2010年に発足した任意団体「登呂会議」。登呂遺跡がある静岡市立登呂遺跡博物館にて、「ARTORO(アートロ)」の名前で全6〜7回程度の講座と、数回の1日講座を開催しています。これまでに、弥生時代の暮らしを学びながら、当時の米づくりや土器づくり、道具づくり、家づくりなどを、体験したり実験したりする活動を行ってきました。そこから見えてくる新たな「?」や「!」は、大人も子どもも大きな気づきとなっているそうです。「登呂会議/ARTORO(アートロ)」の活動について、代表の美術家・本原令子さんと、一級建築士/インテリアコーディネーターの伊達剛さんにお話を伺いました。

登呂遺跡・登呂博物館を舞台に始まった「登呂会議」

「登呂会議」は、2010年の国指定特別史跡登呂遺跡・静岡市立登呂博物館リニューアルとともに発足しました。博物館で学び、遺跡で体験する「文化教育環境」の実現を目的に、古代・考古学をテーマにした「体験」「感動」「学び」「遊び」をつくる活動を行っているといいます。

代表の本原さんは2011年の東日本大震災の後、現地を2度訪れ、積み上がった瓦礫やゴミの山を目の当たりにしました。ここにあるゴミとなってしまったものは、かつて生活の中で使われていたものだったり、家屋だったりしたもの。震災で発生したゴミは、その土地の何十年分ものゴミの量に当たると言われています。これらは本当に必要なものだったのか、疑問に思ったとのこと。土があれば、食糧も作ることができるし、器も鍋となる土器を作ることができる。土さえあれば生きていけるのではないかと感じたと言います。
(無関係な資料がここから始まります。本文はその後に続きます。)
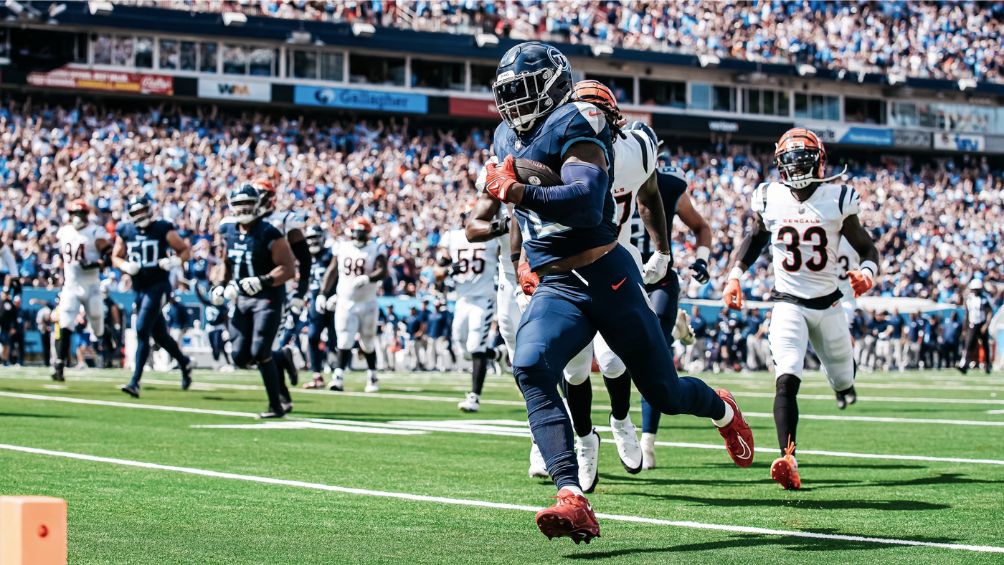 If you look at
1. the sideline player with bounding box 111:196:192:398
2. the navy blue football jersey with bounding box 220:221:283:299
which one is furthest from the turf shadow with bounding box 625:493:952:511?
the sideline player with bounding box 111:196:192:398

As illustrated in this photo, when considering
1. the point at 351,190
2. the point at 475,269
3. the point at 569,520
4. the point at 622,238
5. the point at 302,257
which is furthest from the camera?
the point at 351,190

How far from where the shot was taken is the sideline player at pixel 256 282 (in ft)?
35.8

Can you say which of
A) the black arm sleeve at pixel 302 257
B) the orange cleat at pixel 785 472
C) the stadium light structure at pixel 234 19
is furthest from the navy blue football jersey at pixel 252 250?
the stadium light structure at pixel 234 19

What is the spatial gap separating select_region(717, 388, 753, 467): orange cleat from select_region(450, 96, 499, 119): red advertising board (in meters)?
39.0

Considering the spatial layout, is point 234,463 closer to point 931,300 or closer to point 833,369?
point 833,369

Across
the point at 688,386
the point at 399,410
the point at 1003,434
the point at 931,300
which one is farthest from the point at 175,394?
the point at 931,300

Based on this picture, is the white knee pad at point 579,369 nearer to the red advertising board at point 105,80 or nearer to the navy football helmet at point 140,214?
the navy football helmet at point 140,214

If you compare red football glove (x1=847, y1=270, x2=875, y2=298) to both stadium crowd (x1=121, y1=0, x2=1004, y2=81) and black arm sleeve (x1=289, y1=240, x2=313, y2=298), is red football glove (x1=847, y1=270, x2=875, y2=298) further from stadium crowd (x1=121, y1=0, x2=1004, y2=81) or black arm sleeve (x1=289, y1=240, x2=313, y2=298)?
stadium crowd (x1=121, y1=0, x2=1004, y2=81)

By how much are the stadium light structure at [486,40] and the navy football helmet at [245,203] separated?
34909 mm

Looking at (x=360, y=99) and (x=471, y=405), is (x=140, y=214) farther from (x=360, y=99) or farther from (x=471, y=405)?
(x=360, y=99)

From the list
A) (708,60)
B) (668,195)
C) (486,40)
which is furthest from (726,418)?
(708,60)

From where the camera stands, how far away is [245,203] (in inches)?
430

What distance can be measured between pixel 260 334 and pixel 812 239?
5.00 m

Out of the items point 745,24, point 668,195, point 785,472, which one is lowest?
point 785,472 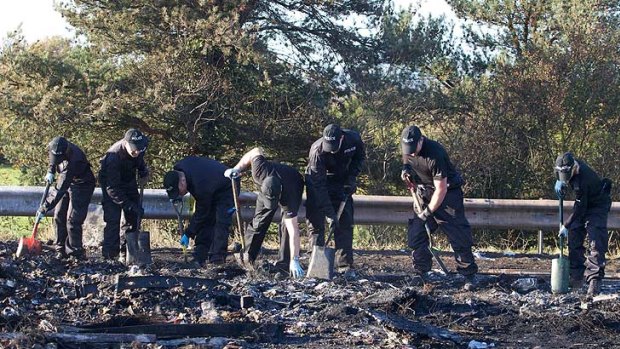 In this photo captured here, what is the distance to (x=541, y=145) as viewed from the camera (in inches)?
672

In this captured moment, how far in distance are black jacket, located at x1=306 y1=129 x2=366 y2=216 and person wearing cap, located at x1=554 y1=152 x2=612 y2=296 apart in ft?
7.72

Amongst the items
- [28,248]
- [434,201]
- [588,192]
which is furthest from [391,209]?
[28,248]

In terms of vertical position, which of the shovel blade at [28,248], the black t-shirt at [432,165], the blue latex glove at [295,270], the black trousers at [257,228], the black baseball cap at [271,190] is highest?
the black t-shirt at [432,165]

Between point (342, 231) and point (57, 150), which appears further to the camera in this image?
point (342, 231)

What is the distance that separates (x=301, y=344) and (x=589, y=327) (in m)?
2.56

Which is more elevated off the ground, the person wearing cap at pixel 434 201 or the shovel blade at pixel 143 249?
the person wearing cap at pixel 434 201

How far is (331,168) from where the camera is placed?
36.1 ft

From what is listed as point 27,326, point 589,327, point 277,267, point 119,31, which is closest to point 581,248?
point 589,327

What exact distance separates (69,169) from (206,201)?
65.8 inches

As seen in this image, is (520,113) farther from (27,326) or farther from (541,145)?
A: (27,326)

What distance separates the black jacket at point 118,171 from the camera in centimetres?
1105

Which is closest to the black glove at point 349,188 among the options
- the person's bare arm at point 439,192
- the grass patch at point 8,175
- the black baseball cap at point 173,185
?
the person's bare arm at point 439,192

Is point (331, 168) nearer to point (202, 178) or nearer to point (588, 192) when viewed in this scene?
point (202, 178)

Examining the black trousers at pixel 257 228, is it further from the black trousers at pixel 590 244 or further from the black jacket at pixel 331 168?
the black trousers at pixel 590 244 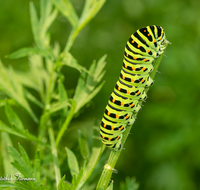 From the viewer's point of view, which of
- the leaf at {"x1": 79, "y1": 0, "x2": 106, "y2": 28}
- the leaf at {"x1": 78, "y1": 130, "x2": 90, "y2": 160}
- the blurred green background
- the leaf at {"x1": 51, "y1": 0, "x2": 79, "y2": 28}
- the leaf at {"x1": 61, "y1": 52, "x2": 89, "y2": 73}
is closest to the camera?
the leaf at {"x1": 78, "y1": 130, "x2": 90, "y2": 160}

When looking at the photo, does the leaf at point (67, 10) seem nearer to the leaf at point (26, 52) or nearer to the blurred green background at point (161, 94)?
the leaf at point (26, 52)

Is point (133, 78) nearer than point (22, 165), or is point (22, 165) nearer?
point (22, 165)

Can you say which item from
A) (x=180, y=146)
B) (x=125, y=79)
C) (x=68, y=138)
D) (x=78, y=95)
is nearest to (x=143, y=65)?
(x=125, y=79)

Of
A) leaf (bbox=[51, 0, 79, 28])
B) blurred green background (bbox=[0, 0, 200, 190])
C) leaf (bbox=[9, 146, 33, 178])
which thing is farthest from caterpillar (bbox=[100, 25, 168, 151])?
blurred green background (bbox=[0, 0, 200, 190])

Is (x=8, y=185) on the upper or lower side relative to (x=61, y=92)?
lower

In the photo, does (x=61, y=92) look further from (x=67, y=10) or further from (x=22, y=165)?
(x=67, y=10)

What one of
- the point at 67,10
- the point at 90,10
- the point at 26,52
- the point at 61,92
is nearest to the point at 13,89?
the point at 26,52

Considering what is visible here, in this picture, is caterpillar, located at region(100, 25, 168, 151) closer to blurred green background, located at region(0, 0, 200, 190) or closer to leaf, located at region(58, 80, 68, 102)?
leaf, located at region(58, 80, 68, 102)

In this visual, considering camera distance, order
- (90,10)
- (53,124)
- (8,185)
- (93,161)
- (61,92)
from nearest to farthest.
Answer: (8,185), (93,161), (61,92), (90,10), (53,124)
昔の生活を見直すことで今の暮らしに必要なものと失われたものが見出せるのではないか。使われないものは作らずに済むように、新しい目線を見つけられたら。そして、ここでの気づきが家での日常生活や職場などの社会の中に生かされたら嬉しいと思い、この活動をしているそうです。

弥生時代は土から様々なものを生み出していた。実験を通して新しい気づきを見つける

「登呂会議」の中には、「ARTORO(アートロ)」という実験・活動の場があります。これに参加するメンバーは幅広く、その年によって各分野の専門家が携わったり、関心がある学生が参加したりと、入れ替わりを繰り返しています。現・代表の本原さんもその一人。陶芸家でもある本原さんは、2012年に土器づくりを行う際の専門講師として参加。今では代表を務めています。他にもお米屋さん、宮大工、大学の教授、建築家、茅葺き屋根の職人、木工作家、デザイナーなど、職業も性別も年代も様々。新しく人が入ったり、また卒業していったりするのもこちらの団体の活動をおもしろくさせている部分。型にはまり過ぎないことが、活動に広がりを持たせているのではないでしょうか。
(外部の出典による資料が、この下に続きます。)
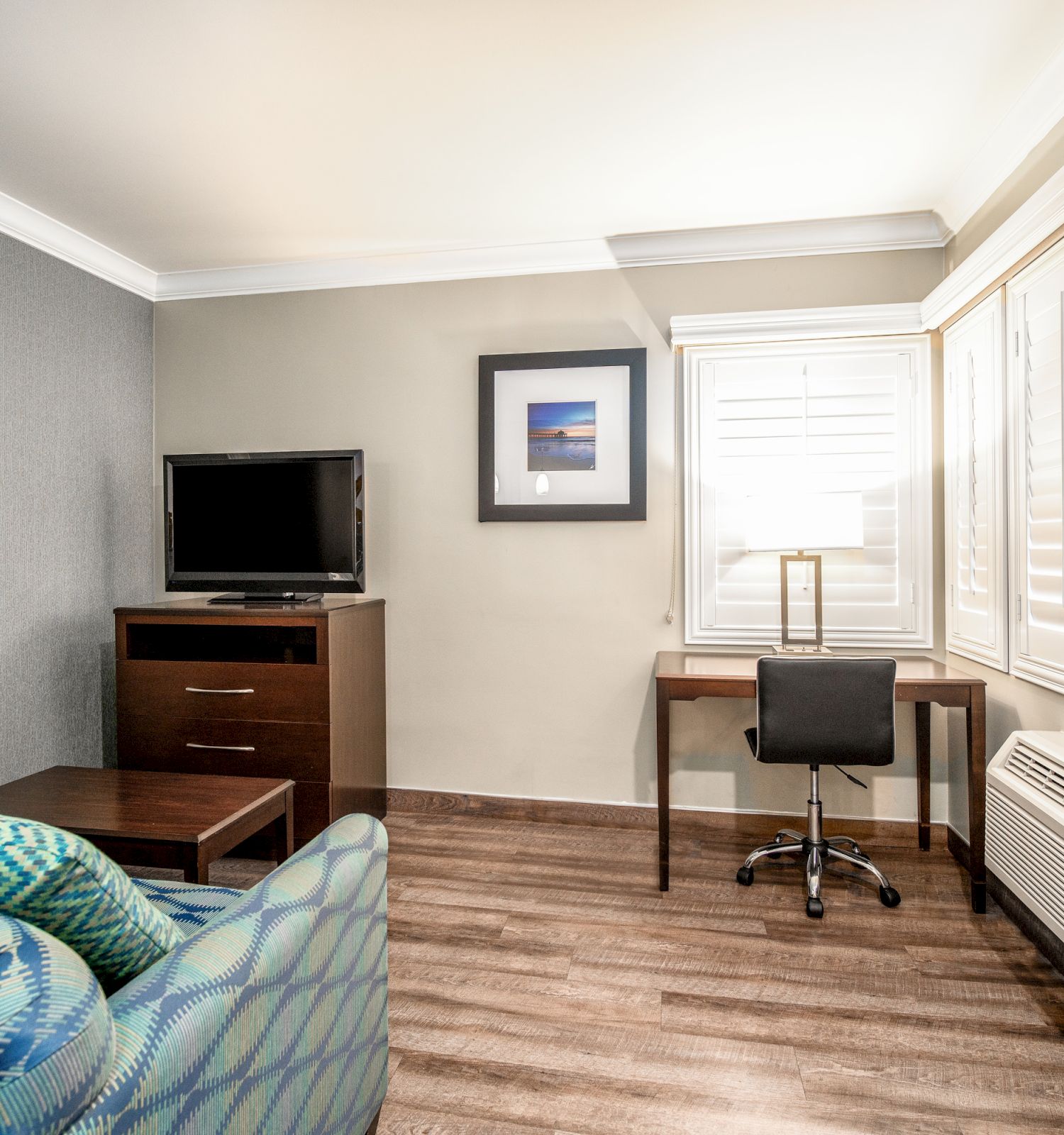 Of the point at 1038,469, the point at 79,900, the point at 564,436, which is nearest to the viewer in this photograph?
the point at 79,900

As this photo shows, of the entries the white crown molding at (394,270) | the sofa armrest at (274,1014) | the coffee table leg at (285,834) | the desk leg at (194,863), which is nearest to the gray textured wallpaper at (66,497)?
the white crown molding at (394,270)

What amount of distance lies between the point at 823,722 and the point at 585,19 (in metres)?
2.09

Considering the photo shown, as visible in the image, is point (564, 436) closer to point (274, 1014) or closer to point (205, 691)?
point (205, 691)

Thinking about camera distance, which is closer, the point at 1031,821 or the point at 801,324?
the point at 1031,821

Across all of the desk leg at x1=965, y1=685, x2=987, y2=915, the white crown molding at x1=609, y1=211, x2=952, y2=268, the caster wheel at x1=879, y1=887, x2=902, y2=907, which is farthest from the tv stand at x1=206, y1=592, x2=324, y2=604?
the desk leg at x1=965, y1=685, x2=987, y2=915

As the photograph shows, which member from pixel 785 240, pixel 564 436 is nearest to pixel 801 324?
pixel 785 240

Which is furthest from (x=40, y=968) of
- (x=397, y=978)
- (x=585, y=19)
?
(x=585, y=19)

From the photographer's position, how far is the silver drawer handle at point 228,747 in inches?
114

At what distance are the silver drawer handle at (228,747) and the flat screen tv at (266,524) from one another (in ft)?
1.95

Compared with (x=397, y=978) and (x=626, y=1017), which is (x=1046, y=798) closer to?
(x=626, y=1017)

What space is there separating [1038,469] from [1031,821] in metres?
1.01

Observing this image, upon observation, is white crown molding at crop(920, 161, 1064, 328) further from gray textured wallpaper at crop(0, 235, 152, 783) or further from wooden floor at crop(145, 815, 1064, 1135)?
gray textured wallpaper at crop(0, 235, 152, 783)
2013年〜2015年にかけては「土がぼくらにくれたもの」をテーマに、土で米、土で器、土で楽器など、土を使った実験体験・学びを行いました。弥生時代には、土で稲を育て、土で器を作り、土器で調理をして食していました。実験・体験を通じて、機械を使わず、昔のやり方で田植えをし、収穫をし、そして作った土器で炊飯する。これらの一連の体験を通し、先人たちの知恵や工夫が積み重ねられ、現代の暮らしがあるという気づきを見つけることができたと言います。
「教科書では弥生時代の暮らしはこうだったと学んだけれども、本当にそうだった?」「土器のデザインはなぜこうなの?」「土器の底にはなぜ葉っぱの模様があるの?」などの様々な疑問を自ら問いかけ、考えることで、現代に生きる力を育んできました。

弥生時代の家は建売住宅みたいに同じ形だったの?

2017〜2018年には、「土の跡から住まいを創造する」をテーマに開催しました。弥生時代の住居は「茅葺き三角屋根の竪穴式住居だったと言われているけれど、本当にそうだった?」「全ての家が建売住宅みたいに同じ形だったの?」などといった疑問を紐解いていきました。実は、登呂遺跡があった場所は3回も洪水があったのにもかかわらず、当時の人々は何度もこの地に家を建て直したことがわかっているそうです。なぜ登呂遺跡のある場所が当時の人々にとって暮らしやすい場所だったのか、実際に歩いて回るというフィールドワークを行い、ジオラマや地層マップを作成しました。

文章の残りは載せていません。